The above code is hard-coding a connection string, which you should feel free to change if you wish. Also, the calls to AddConfigurationStore and AddOperationalStore are registering the EF-backed store implementations.

The “builder” callback function passed to these APIs is the EF mechanism to allow you to configure the DbContextOptionsBuilder for the DbContext for each of these two stores. This is how our DbContext classes can be configured with the database provider you want to use. In this case by calling UseSqlServer we are using SqlServer. As you can also tell, this is where the connection string is provided.

The “options” callback function in UseSqlServer is what configures the assembly where the EF migrations are defined. EF requires the use of migrations to define the schema for the database.

Note

It is the responsibility of your hosting application to define these migrations, as they are specific to your database and provider.

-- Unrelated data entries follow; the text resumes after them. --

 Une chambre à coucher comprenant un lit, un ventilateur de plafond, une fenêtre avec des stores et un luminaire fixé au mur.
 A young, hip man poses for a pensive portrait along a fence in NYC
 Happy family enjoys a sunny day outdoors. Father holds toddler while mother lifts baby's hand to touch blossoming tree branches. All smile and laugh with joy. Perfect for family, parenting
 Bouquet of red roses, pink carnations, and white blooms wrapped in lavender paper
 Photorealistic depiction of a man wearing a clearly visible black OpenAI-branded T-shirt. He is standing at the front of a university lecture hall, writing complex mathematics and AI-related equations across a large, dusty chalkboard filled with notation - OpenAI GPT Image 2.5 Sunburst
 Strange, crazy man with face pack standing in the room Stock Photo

We’ll add the migrations next.

Adding migrations

To create the migrations, open a command prompt in the IdentityServer project directory. In the command prompt run these two commands:

dotnet ef migrations add InitialIdentityServerPersistedGrantDbMigration -c PersistedGrantDbContext -o Data/Migrations/IdentityServer/PersistedGrantDb
dotnet ef migrations add InitialIdentityServerConfigurationDbMigration -c ConfigurationDbContext -o Data/Migrations/IdentityServer/ConfigurationDb

It should look something like this:

../_images/8_add_migrations.png

You should now see a ~/Data/Migrations/IdentityServer folder in the project. This contains the code for the newly created migrations.

Initialize the database

Now that we have the migrations, we can write code to create the database from the migrations. We will also seed the database with the in-memory configuration data that we defined in the previous quickstarts.

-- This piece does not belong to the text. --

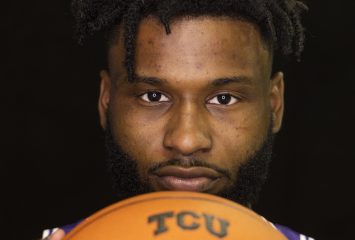 Mike Miles in a purple jersey holds out an orange basketball with "TCU" lettering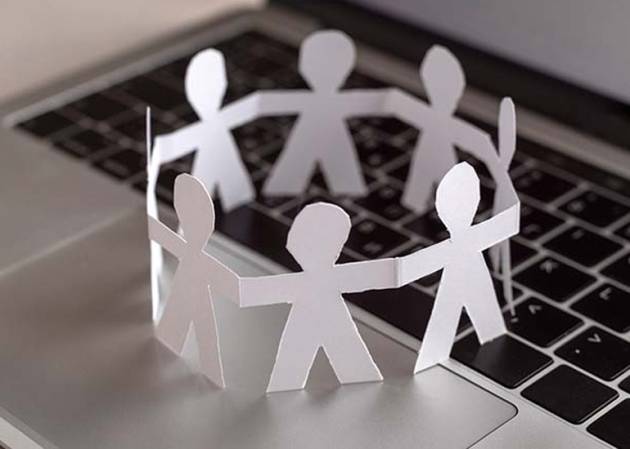 community of paper cut outs holding hands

In Startup.cs add this method to help initialize the database:

private void InitializeDatabase(IApplicationBuilder app)
{
    using (var serviceScope = app.ApplicationServices.GetService<IServiceScopeFactory>().CreateScope())
    {
        serviceScope.ServiceProvider.GetRequiredService<PersistedGrantDbContext>().Database.Migrate();

        var context = serviceScope.ServiceProvider.GetRequiredService<ConfigurationDbContext>();
        context.Database.Migrate();
        if (!context.Clients.Any())
        {
            foreach (var client in Config.GetClients())
            {
                context.Clients.Add(client.ToEntity());
            }
            context.SaveChanges();
        }

        if (!context.IdentityResources.Any())
        {
            foreach (var resource in Config.GetIdentityResources())
            {
                context.IdentityResources.Add(resource.ToEntity());
            }
            context.SaveChanges();
        }

        if (!context.ApiResources.Any())
        {
            foreach (var resource in Config.GetApiResources())
            {
                context.ApiResources.Add(resource.ToEntity());
            }
            context.SaveChanges();
        }
    }
}

And then we can invoke this from the Configure method:

public void Configure(IApplicationBuilder app, IHostingEnvironment env, ILoggerFactory loggerFactory)
{
    // this will do the initial DB population
    InitializeDatabase(app);

    // the rest of the code that was already here
    // ...
}

Now if you run the IdentityServer project, the database should be created and seeded with the quickstart configuration data. You should be able to use SqlServer Management Studio or Visual Studio to connect and inspect the data.

../_images/8_database.png

Run the client applications

You should now be able to run any of the existing client applications and sign-in, get tokens, and call the API – all based upon the database configuration.